Land Rover cuts Defender’s CO2 with plug-in hybrid

LONDON — Land Rover has begun sales of a plug-in hybrid version of the Defender utility vehicle that dramatically reduces the car’s CO2 emissions.

The new P400e, which is a derivative of the long wheelbase 110 version, uses a drivetrain similar to that found in the Range Rover’s plug-in hybrids, which mates a 296-hp, 2.0-liter, four-cylinder gasoline engine with a 141-hp electric motor. The combined power is 398 hp.

A 19.2 kilowatt-hour battery gives an electric-only range of 43 km (27 miles), which helps reduce emissions to 76 grams per km as measured by the WLTP cycle. The next lowest emitting engine in the Defender’s range is the P200, 197-hp, 3.0-liter diesel with CO2 output of 199g/km.
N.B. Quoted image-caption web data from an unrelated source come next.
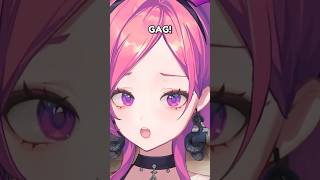 everyone hates this girl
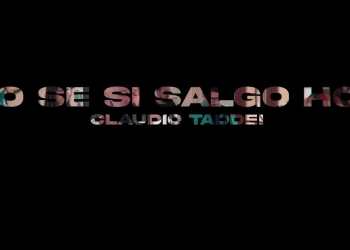 Cutinella & Convivientes - No se si salgo hoy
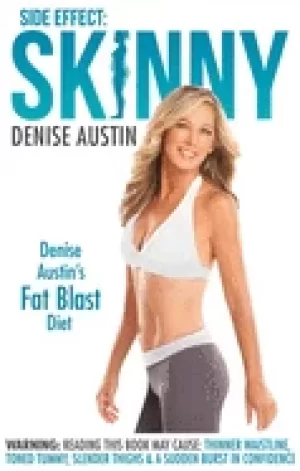 Image of side effect skinny denise austins fat blast diet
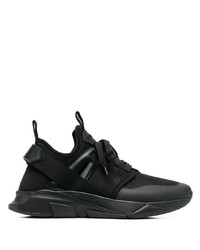 Tom Ford Jago Low Top Sneakers
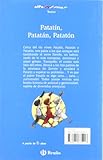Image de Patatín, Patatán, Patatón (Castellano - A Partir De 6 Años - Altamar)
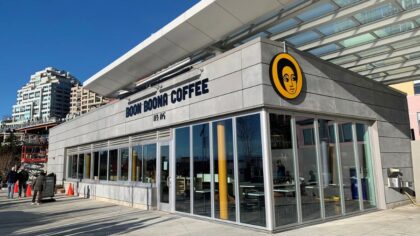 costco boon boona coffee renton...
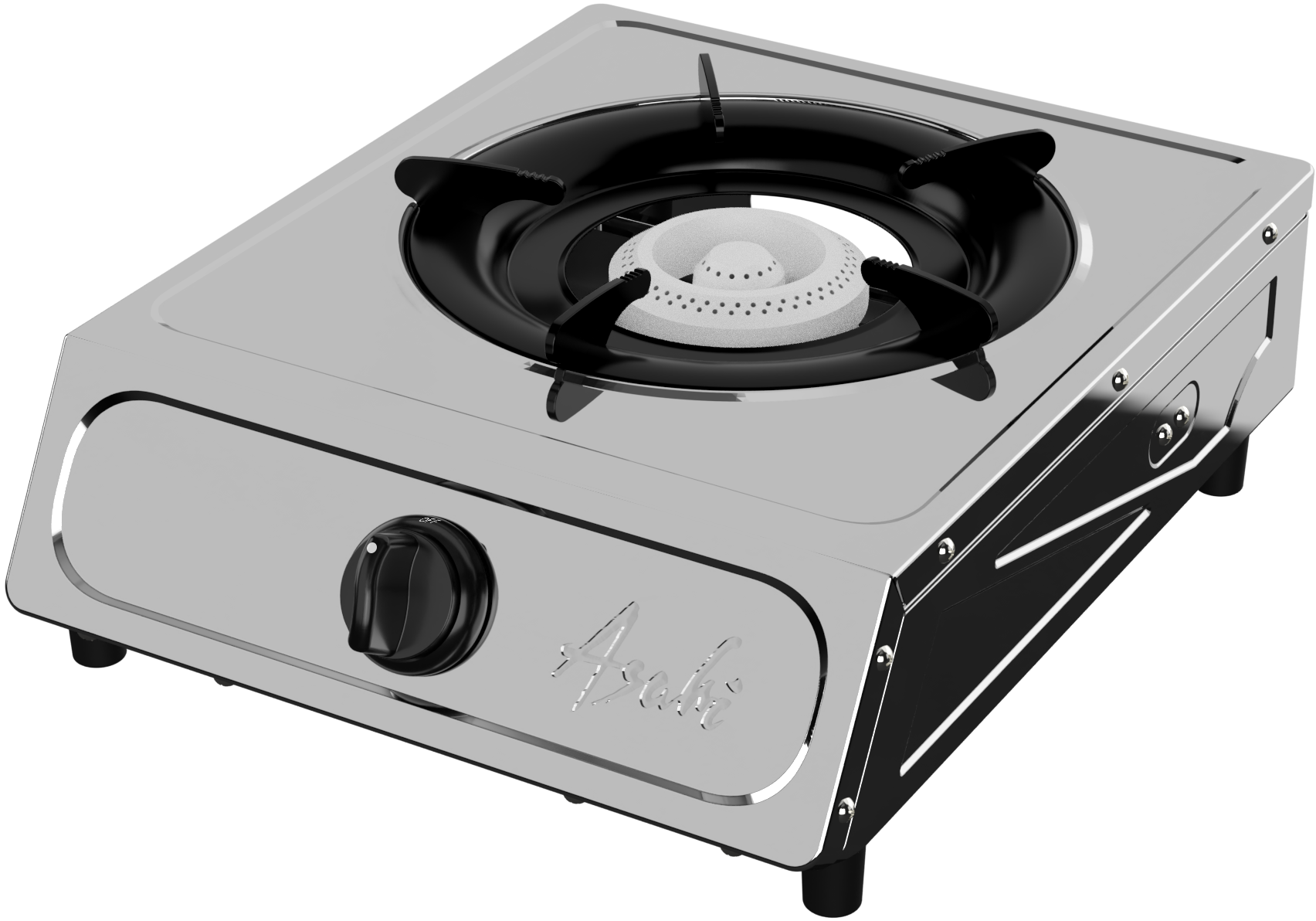 Asahi GS-446 Gas Stove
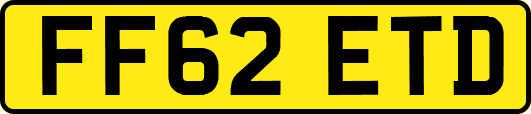 FF62ETD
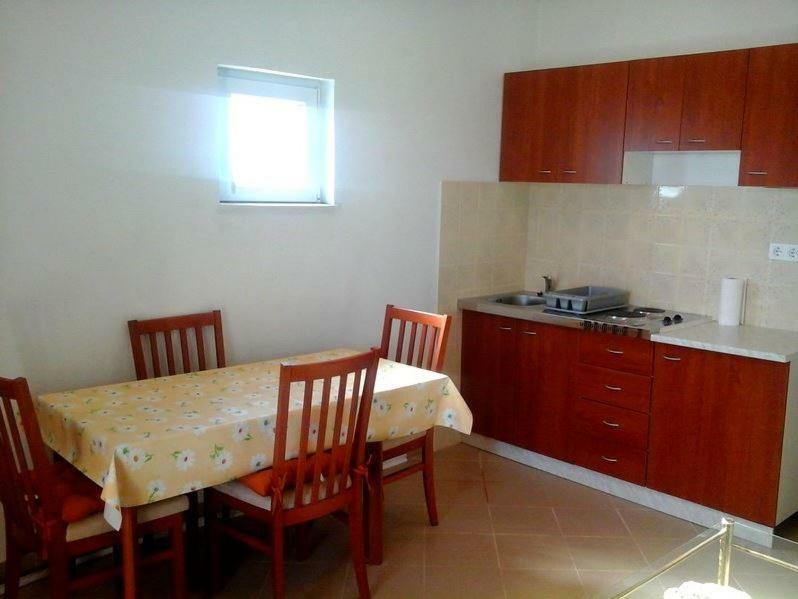 Apartmani Maris Traù Esterno foto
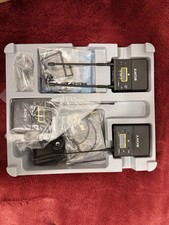Sony UWP-D27 UWP-D Series Digital Wireless Microphone System Hot-Shoe Mount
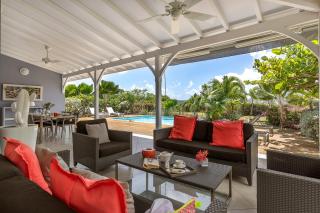 Villas Palm - Le Vauclin - 6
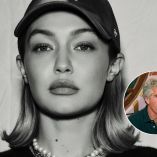 Gigi Hadid rompió el silencio tras ser mencionada en los archivos de Jeffrey Epstein.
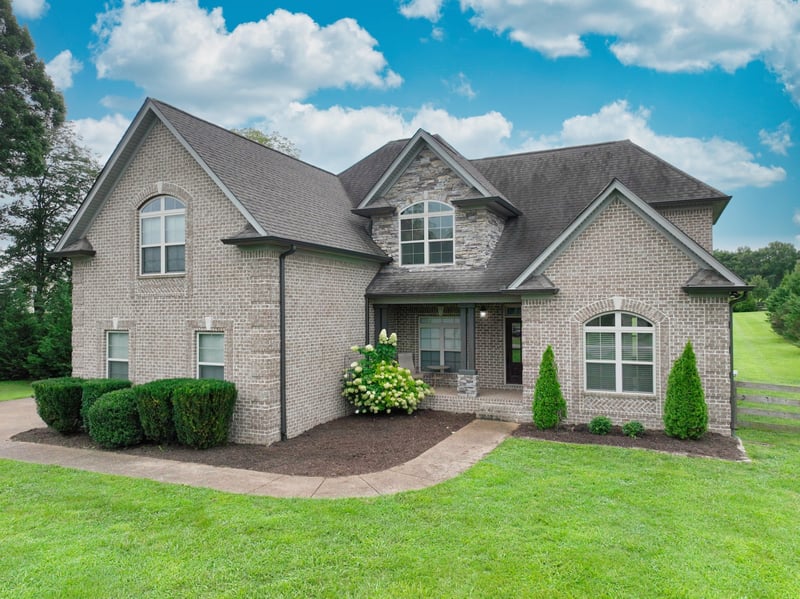 80 Cherokee Dock Rd, Lebanon, TN 37087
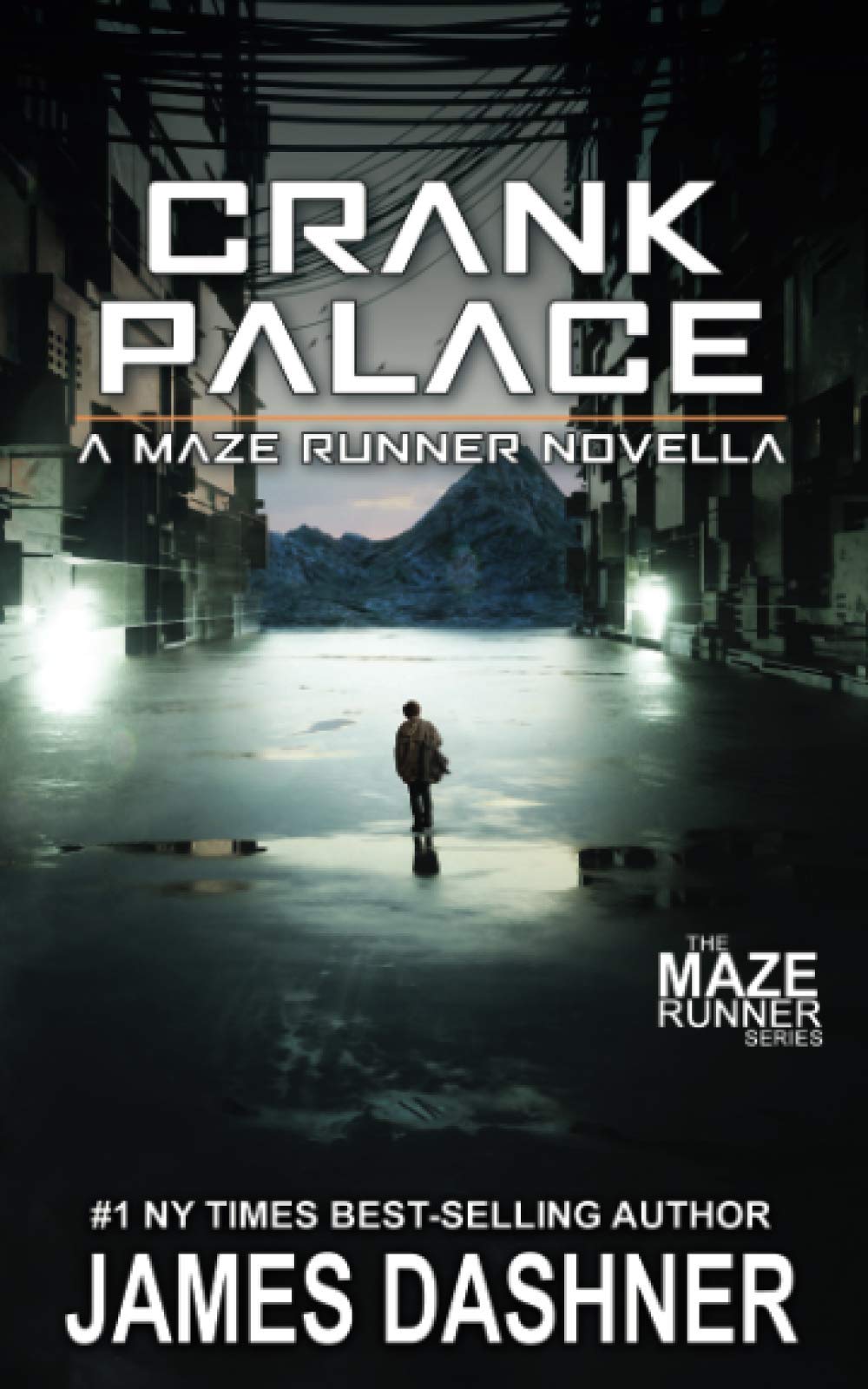 Crank Palace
The P400e starts at 64,800 pounds in the UK and 78,275 euros in Germany. Deliveries will begin next spring. No plug-in version of the short wheelbase 90 version is planned.

Land Rover sold 3,257 plug-on hybrid versions of the Range Rover and Range Rover Sport in Western Europe in the first seven months of the year, amounting to 3.8 percent of its sales, according to data from analyst Matthias Schmidt.

The figure lagged behind its premium rivals, including Volvo with a 27 percent plug-in hybrid share, BMW with a 9.6 percent share, Mercedes with a 6.7 percent share and Audi with a 4.8 percent share.

Land Rover recently began sales of plug-in hybrid versions of the smaller Range Rover Evoque and related Land Rover Discovery Sport, which use a 1.5-liter gasoline engine. Deliveries of those model begin later this year.

CO2 targets

The SUV maker’s parent, Jaguar Land Rover, has to hit a European target to lower its CO2 fleet emissions to 156g/km by 2021, measured on the WLTP test cycle.

In 2017, the company’s European fleet average was 153g/km based on the less stringent NEDC test cycle, according to company figures.

Plug-in hybrid versions of the Defender will also be launched in China “in the near future,” a spokesman said. However, the drivetrain will not be offered in the U.S. “There is currently no demand for this powertrain in this segment of the market in the U.S.” the spokesman added.

The Defender is built in JLR’s plant in Nitra, Slovakia.

As well as launching the plug-in hybrid, Land Rover has dropped the four-cylinder diesel engine in the Defender and replaced it with a six-cylinder inline diesel for its two entry models, the P200 and P250.

The new diesel conforms to the latest EU6-d regulations. The unit “offers an increase in torque with enhanced refinement, while also delivering lower fuel consumption and CO2 emissions,” JLR said.

The Defender range consists of the three-door 90 variant, which is 4583mm long, and the five-door 110, which is 5018mm in length. The SUV’s model range starts at 42,920 pounds in the UK.

Land Rover also offers Hard Top commercial versions of both models, which have no rear seats.